### Prompt
Extract, exactly as written, the line that contains "mapa Bezmiechowa Górna, Bezmiechowa" and all lines after it through the end of the records. Omit pictures.
[Data supplied]
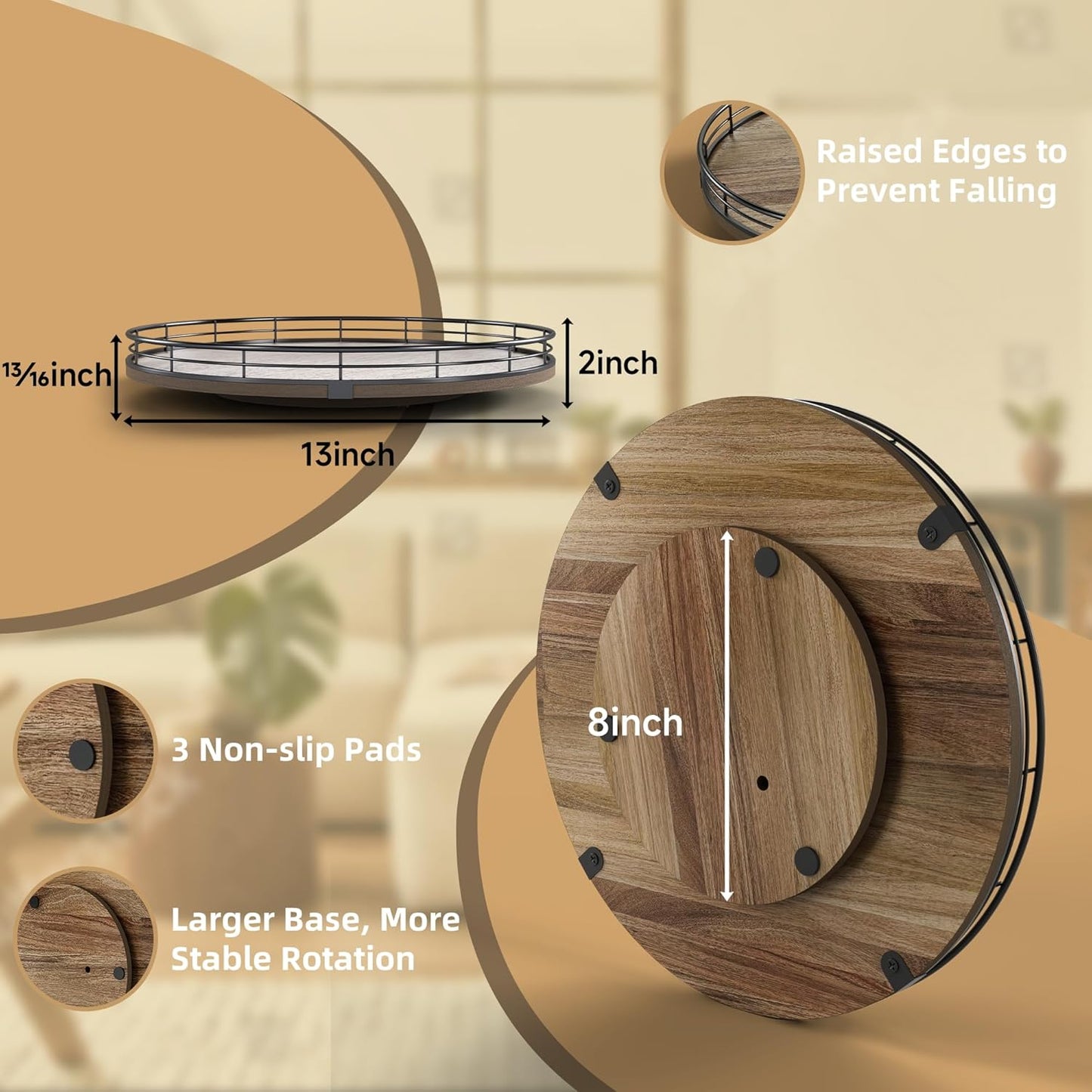 Acacia Wood 13" Lazy Susan Turntable Organizer for Table Top, Farmhouse Round Wooden Lazy Susan for Cabinet Kitchen Centerpieces Coffee Table, for Condiments Spices, Bathroom Vanity Tray Decor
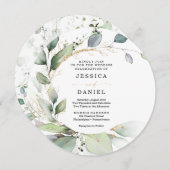 Waterverf Greenery met gouden weddenschap Kaart (Voorkant / Achterkant)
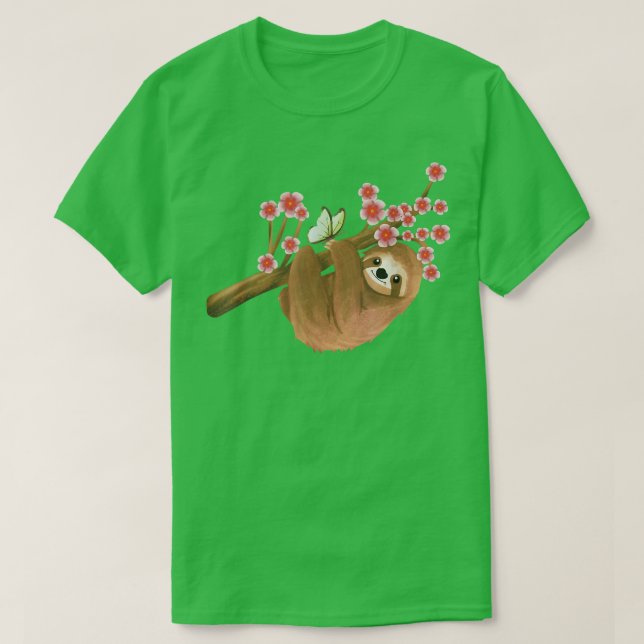Vintage Sloth Gift Japanese Cherry Blossom Flower  T-Shirt (Design Front)
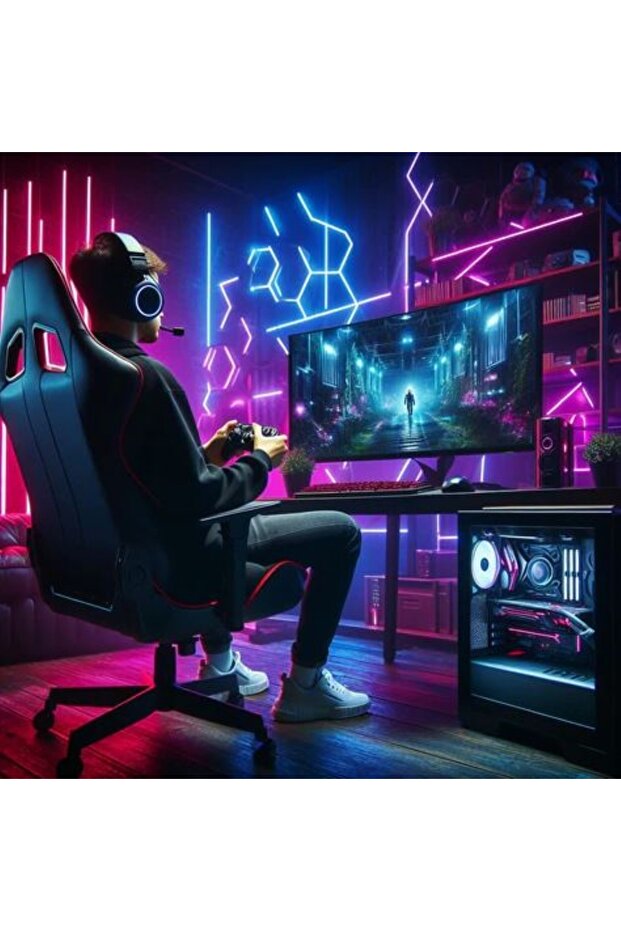 Trbo Adjustable Height and Back Ergonomic Soft Foam Gaming Chair Red Black
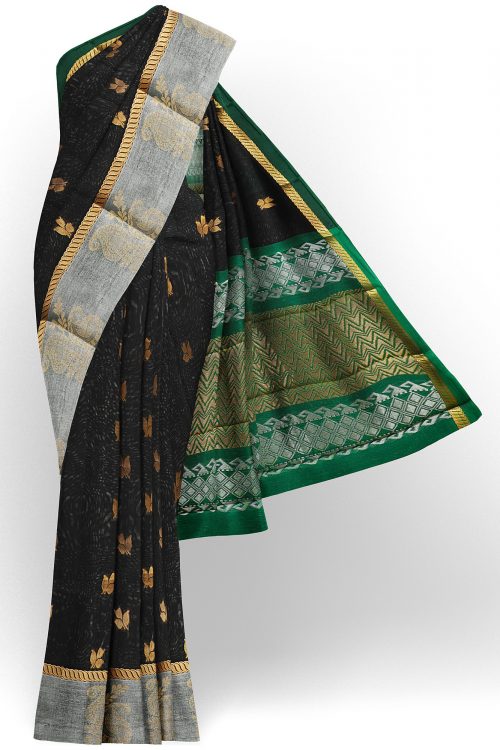 sri kumaran stores semi silk cotton black saree with silver colour border 1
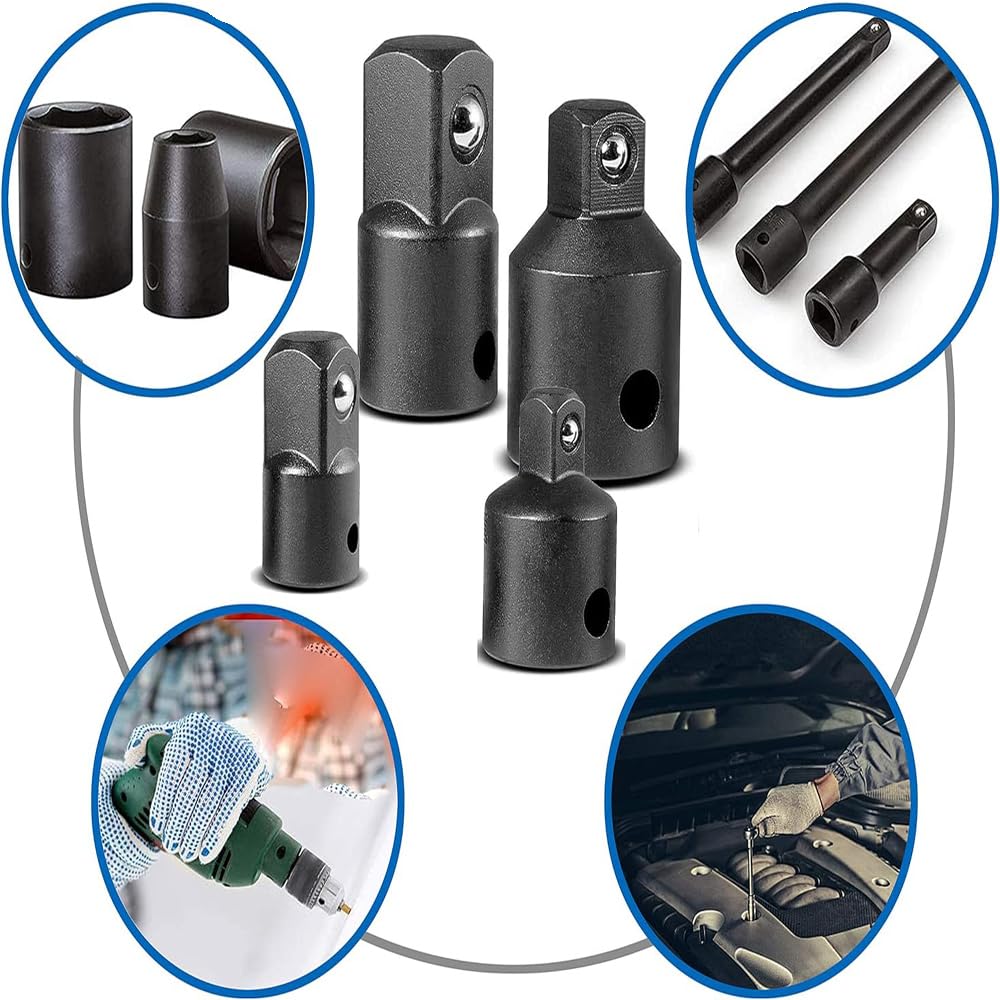 Kit adattatore per riduttore a cricchetto quadrato, 4 pezzi, 1/2 a 3/8, 3/8 a 1/4 (nero)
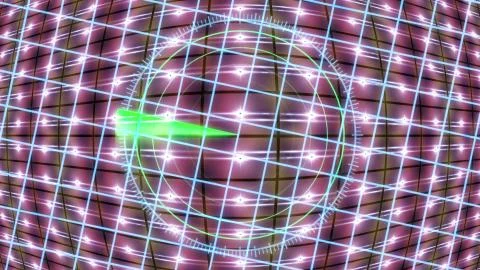 Futuristic HUD locator on an abstract background with highlights. 库存插图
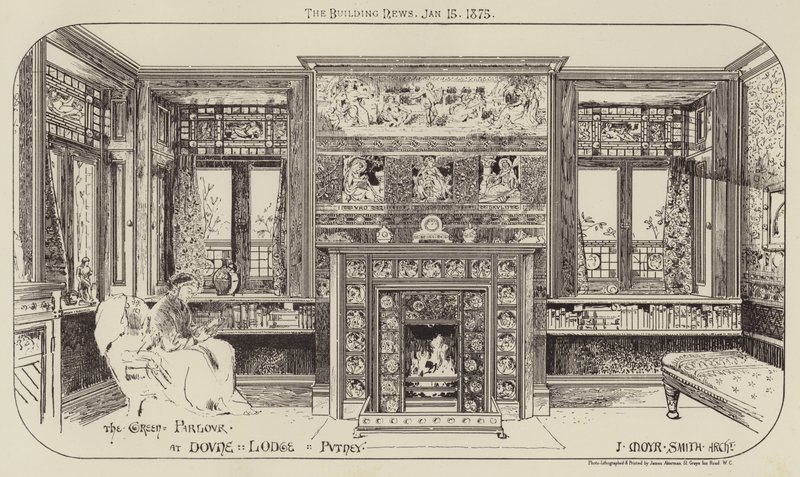 The Green Parlor v Dovne Lodge, Putney (rytina) od English School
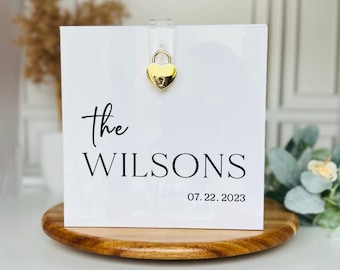 Wedding Card Box, Personalized Last Name Card Box, Card Holder, Wedding Card Box with Lock Key, Acrylic Card Box, Money Box, Wishing Well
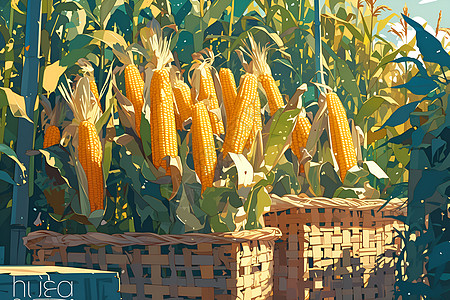 阳光下的玉米图片
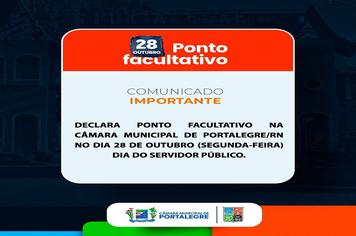 Ponto Facultativo na Câmara Municipal de Portalegre/RN em Homenagem ao Dia do Servidor Público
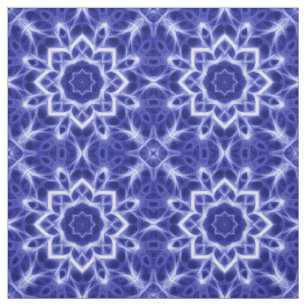 Bold Blue White Glowing Mandala Pattern Print Fabric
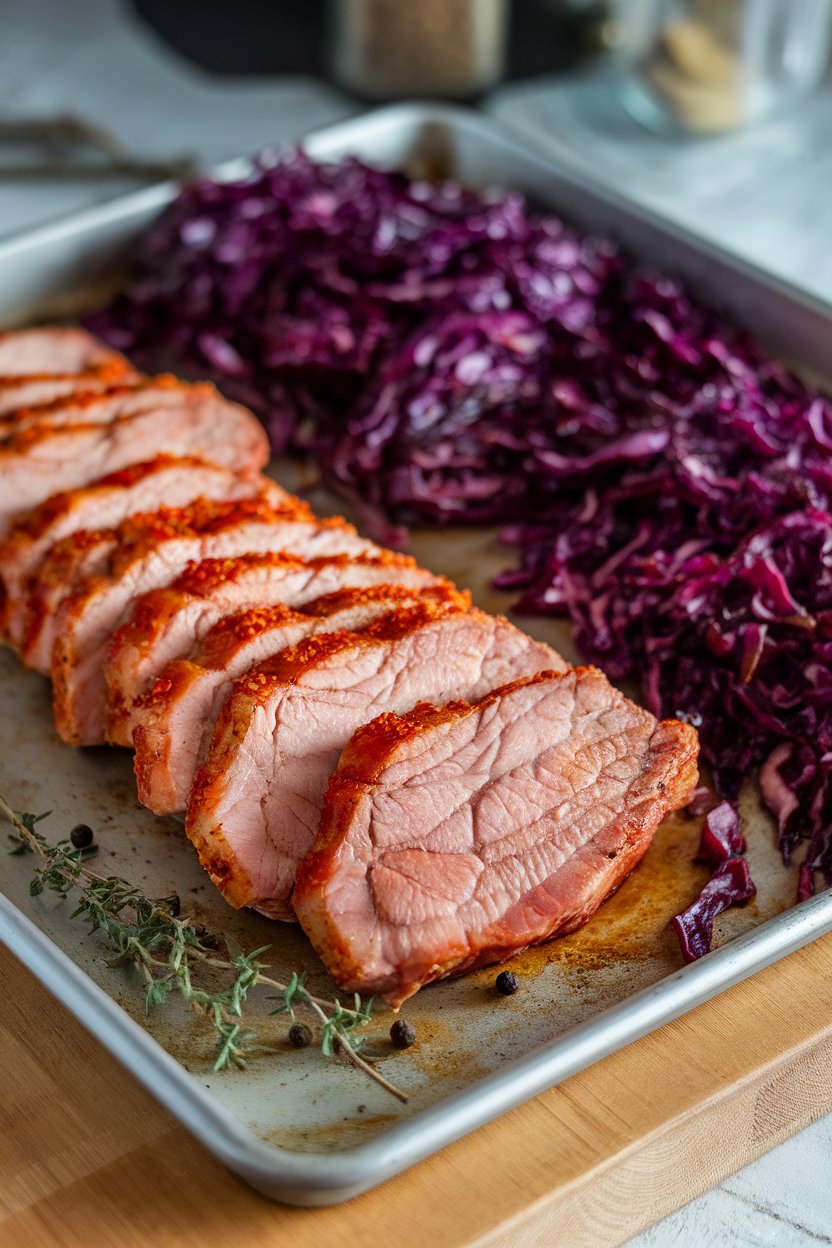 Indoor photo of paprika-rubbed pork slices and shredded red cabbage roasting together on a sheet pan. No text or logos.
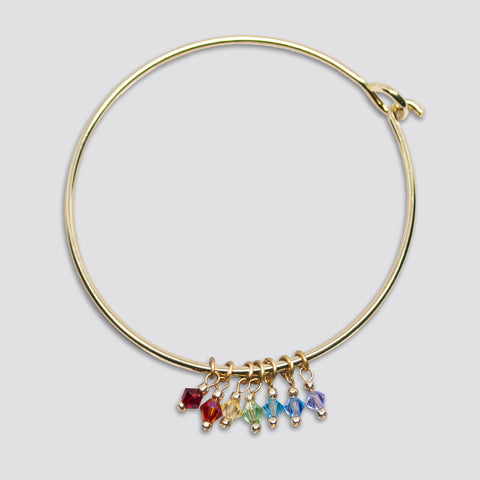 Yoga Chakra Crystal Gold Bangle
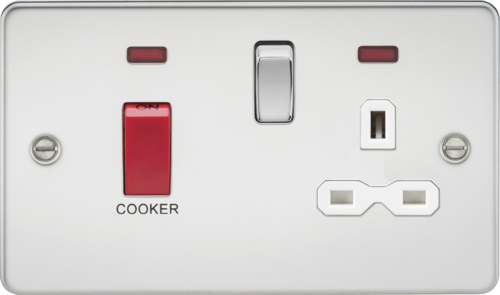 ML Flat Plate 45A DP Switch and 13A Switched Socket with Neon - Polished Chrome with White Insert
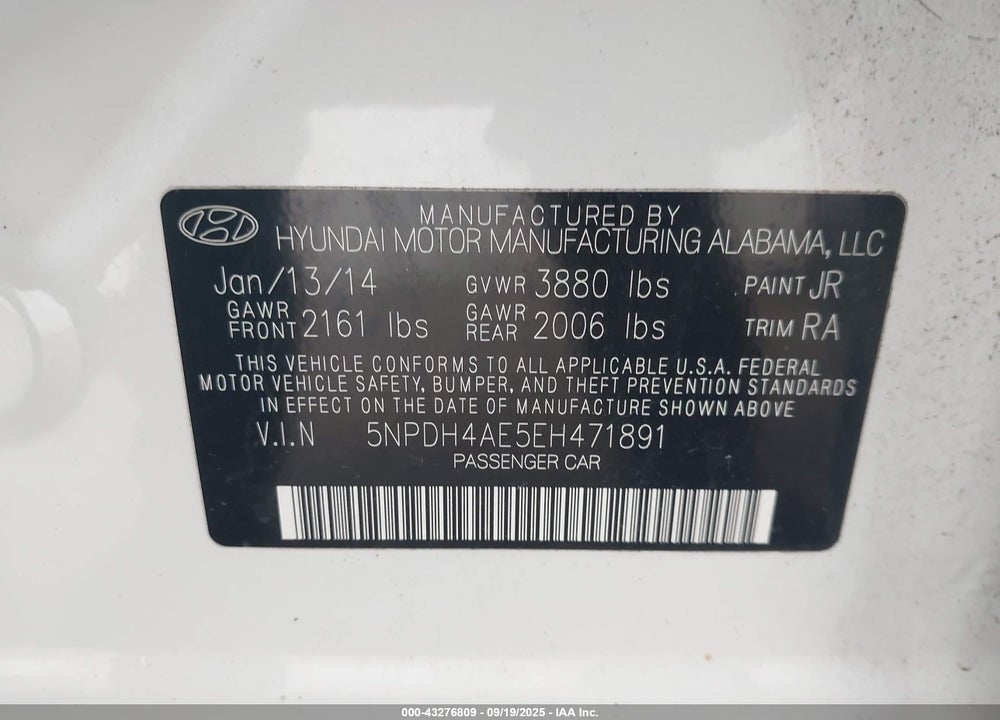 2014 HYUNDAI ELANTRA LIMITED VIN: 5NPDH4AE5EH471891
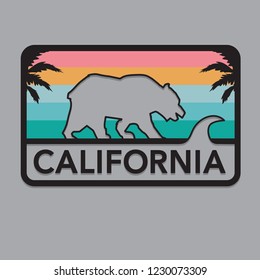 California bear typography, tee shirt graphics, vectors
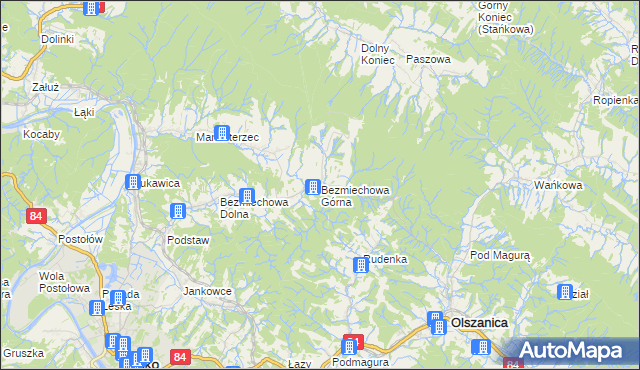 mapa Bezmiechowa Górna, Bezmiechowa Górna na mapie Targeo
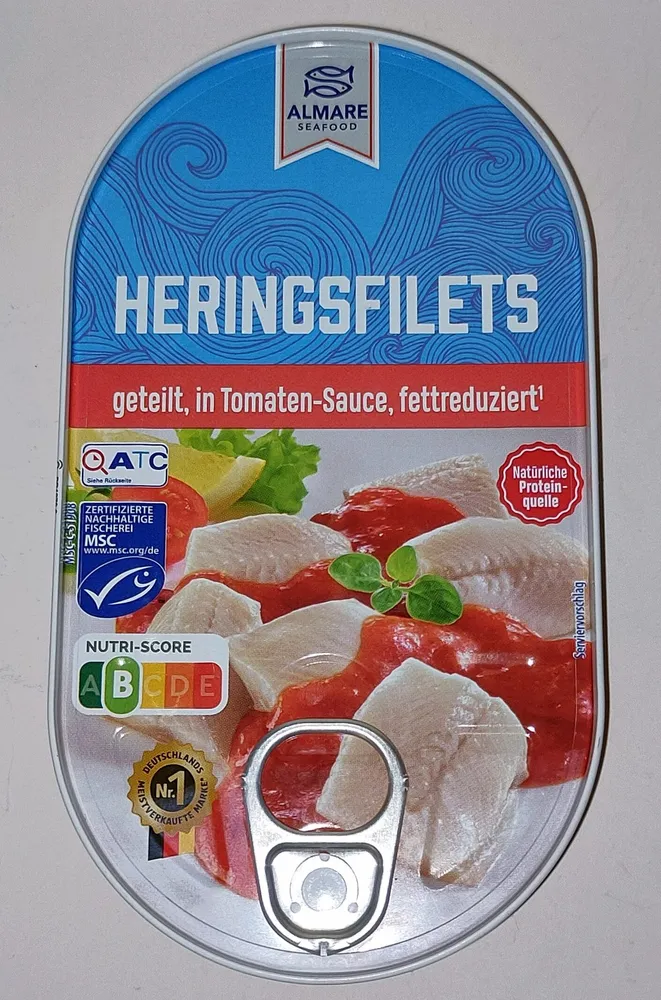 Heringsfilets geteilt in Tomatensauce - fettreduziert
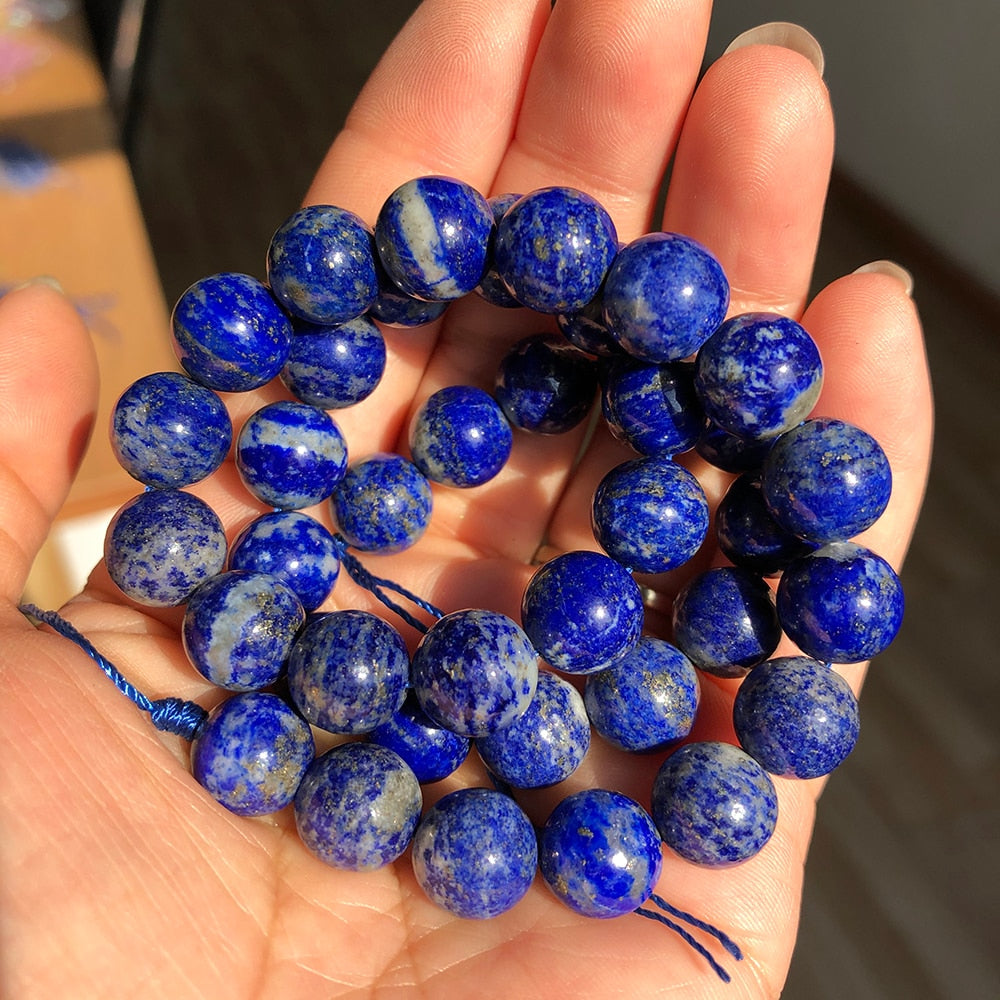 AA Natural Lapis Lazuli Stone Beads for Jewelry Making 4 6 8 10mm Round Loose Beads DIY Bracelet Charms Accessories 15&#39;&#39;Inches - KiwisLove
[/Data supplied]
### Response box
 mapa Bezmiechowa Górna, Bezmiechowa Górna na mapie Targeo
 Heringsfilets geteilt in Tomatensauce - fettreduziert
 AA Natural Lapis Lazuli Stone Beads for Jewelry Making 4 6 8 10mm Round Loose Beads DIY Bracelet Charms Accessories 15&#39;&#39;Inches - KiwisLove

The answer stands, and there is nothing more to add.